Bu köşe; kalemim aracılığı ile bütün arkadaşlarım, dostlarım, yazan, konuşan herkesin duyguları için var. Çünkü ben yazmaya başlarken her konuda, sevinçte, kederde, sıkıntılarda tüm bildiğim, duyduğum, bana iletilen söylenen her konuyu okuyucularımla paylaşacağım demiştim. Bu günkü konum hepimizin hissettiği infial. Yanlış mı kullanıyorum diye Uludağ sözlüğe girdim, okudum. Sözlük şöyle açıklıyor anlamını ( 1) şok olma derecesinde üzülmek, içerlemek (2) kızgınlık duyma durumunda ifade söz ( 3) halk arasında oluşturulan bir şey ( 4) dış sebeplere bağlı hareket (5) kitlesel buhrandır, arzu edilmeyen sonuçlar doğurabilir.

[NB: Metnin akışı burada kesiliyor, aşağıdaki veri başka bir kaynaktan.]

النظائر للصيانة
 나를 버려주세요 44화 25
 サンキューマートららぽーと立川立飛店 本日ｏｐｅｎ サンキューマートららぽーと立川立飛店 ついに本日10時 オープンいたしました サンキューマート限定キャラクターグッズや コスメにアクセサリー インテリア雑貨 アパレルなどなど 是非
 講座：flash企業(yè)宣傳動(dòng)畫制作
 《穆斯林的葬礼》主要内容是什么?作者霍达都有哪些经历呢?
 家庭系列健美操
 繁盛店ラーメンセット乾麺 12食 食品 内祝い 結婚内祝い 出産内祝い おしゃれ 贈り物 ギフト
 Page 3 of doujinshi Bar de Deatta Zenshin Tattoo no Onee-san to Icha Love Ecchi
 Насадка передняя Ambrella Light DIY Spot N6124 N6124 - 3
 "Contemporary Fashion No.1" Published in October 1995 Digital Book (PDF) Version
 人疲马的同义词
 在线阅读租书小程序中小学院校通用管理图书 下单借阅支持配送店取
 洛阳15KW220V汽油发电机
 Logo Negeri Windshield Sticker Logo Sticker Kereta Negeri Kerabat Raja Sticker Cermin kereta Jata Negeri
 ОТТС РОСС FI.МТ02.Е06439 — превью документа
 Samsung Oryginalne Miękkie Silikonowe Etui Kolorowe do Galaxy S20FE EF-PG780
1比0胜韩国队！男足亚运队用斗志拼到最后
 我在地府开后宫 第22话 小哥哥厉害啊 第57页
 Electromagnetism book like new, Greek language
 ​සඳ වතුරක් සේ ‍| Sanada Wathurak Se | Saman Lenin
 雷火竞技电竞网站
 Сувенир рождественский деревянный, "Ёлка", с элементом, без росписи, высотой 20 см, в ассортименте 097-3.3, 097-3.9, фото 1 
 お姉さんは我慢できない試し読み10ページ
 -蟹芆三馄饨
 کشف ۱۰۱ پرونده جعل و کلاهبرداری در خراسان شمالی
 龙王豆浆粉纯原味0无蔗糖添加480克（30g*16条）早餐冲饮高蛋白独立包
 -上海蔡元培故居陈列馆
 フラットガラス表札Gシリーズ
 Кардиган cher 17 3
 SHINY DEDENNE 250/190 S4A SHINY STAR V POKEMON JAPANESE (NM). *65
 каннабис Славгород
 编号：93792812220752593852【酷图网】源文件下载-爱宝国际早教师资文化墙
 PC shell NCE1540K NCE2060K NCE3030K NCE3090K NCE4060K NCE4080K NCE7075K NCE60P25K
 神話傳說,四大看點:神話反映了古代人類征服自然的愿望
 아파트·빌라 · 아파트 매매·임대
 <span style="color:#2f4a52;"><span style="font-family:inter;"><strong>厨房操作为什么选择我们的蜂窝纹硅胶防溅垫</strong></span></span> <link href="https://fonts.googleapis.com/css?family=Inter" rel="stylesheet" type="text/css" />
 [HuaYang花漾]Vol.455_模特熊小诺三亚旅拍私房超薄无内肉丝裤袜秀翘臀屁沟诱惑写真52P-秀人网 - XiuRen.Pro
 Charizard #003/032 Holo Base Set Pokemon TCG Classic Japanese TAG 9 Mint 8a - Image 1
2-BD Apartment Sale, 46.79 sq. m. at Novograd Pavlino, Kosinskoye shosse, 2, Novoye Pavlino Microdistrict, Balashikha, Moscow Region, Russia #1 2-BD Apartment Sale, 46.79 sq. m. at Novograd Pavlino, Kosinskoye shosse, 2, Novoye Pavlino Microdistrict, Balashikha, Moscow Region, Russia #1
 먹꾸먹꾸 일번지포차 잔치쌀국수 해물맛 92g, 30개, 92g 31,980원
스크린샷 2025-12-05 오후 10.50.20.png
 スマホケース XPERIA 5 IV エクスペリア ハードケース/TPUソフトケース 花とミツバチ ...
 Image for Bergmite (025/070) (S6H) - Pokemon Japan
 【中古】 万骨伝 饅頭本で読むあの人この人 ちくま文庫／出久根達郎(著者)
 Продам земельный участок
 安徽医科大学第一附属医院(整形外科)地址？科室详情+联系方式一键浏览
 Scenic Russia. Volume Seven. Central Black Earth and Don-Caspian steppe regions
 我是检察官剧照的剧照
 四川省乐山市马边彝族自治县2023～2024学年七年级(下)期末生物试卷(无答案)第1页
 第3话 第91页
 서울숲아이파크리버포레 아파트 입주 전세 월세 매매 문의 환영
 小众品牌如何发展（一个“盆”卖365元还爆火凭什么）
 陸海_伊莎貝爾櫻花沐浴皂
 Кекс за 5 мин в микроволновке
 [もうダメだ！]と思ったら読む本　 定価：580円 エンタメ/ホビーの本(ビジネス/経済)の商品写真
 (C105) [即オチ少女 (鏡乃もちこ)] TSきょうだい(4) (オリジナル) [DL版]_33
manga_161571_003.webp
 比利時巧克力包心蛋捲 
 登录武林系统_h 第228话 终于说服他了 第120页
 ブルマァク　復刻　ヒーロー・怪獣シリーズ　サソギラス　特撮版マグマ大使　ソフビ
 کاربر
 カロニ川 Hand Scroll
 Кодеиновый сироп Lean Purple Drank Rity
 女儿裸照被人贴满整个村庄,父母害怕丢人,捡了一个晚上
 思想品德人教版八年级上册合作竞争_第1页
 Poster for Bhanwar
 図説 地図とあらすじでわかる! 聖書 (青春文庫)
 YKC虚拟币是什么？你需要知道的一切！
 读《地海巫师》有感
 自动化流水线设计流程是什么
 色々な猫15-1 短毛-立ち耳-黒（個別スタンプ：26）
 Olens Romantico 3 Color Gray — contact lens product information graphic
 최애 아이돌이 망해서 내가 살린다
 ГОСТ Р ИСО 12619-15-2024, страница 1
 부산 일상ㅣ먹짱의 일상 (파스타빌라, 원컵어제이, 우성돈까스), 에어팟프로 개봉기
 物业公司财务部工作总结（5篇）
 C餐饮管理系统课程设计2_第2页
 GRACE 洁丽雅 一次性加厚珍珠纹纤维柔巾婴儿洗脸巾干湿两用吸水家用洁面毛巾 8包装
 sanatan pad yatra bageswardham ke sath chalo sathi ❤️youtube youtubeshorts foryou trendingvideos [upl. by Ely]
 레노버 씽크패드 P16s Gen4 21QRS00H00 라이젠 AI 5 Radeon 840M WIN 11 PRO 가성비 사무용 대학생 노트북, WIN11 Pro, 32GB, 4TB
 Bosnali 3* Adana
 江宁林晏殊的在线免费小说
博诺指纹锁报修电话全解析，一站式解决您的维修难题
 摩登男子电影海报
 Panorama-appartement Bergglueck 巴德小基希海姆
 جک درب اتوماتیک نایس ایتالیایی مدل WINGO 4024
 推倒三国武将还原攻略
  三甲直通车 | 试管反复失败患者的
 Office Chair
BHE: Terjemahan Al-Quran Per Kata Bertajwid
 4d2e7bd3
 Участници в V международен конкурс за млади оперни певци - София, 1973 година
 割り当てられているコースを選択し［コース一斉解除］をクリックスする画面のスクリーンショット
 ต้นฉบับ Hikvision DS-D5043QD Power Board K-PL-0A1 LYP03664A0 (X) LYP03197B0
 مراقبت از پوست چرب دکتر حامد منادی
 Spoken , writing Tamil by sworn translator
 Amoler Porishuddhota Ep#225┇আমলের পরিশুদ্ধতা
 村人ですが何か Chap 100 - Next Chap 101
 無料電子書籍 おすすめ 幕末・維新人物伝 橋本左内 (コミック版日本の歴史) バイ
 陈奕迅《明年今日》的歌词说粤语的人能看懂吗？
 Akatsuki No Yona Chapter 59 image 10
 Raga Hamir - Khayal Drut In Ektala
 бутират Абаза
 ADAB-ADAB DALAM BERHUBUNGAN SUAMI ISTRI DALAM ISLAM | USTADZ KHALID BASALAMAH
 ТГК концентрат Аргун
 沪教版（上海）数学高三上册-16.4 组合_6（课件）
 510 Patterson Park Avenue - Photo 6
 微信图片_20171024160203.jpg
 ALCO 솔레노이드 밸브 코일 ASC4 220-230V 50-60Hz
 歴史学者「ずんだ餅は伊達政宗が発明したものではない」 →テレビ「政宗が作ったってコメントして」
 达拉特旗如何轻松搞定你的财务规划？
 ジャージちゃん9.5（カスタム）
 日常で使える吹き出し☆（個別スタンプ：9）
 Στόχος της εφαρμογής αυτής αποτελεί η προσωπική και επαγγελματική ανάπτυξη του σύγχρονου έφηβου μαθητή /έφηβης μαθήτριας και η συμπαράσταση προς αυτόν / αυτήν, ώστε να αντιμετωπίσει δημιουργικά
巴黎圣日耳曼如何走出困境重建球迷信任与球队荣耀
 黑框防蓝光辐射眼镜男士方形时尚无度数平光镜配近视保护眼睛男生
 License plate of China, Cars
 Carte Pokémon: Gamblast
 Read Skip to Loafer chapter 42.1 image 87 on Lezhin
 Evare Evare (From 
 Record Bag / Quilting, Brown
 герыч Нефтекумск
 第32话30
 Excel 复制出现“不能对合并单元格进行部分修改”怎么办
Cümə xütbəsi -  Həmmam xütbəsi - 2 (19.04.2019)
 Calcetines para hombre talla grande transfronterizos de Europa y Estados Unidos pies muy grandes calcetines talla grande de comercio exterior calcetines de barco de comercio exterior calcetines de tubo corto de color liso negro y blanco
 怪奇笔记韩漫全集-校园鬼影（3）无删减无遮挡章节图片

Anlatmak istediklerimiz için tam isabet. 
***
Şöyle yazıyor bir arkadaşım, Yeter artık Yeterrrr...
Yeter! Gidin artık, kabus gibi çöktünüz üstümüze yıllardır. Şu hale bak. 40 günde 56 insan evladı şehit. Ne için? Yıllarca din sömürüsü yapıp, başörtüsü deyip, makarna dağıtıp oyları topladınız; okullarda andımızı yasakladınız. Taksim'de yeşili koruyan onlarca genci öldürdünüz, sakat bıraktınız. Medyayı ele geçirdiniz. Aydınları, komutanları yıllarca hapiste süründürdünüz. Kadına şiddet, kadın ölümleri devrinizde % 100 arttı. İnsanların en temel hakkı olan sosyal medyadaki fikir özgürlüklerini korku ve baskı politikasıyla bastırdınız. Halkı sindirdiniz. Ekonomi desen; batan Yunanistan'dan daha kötü.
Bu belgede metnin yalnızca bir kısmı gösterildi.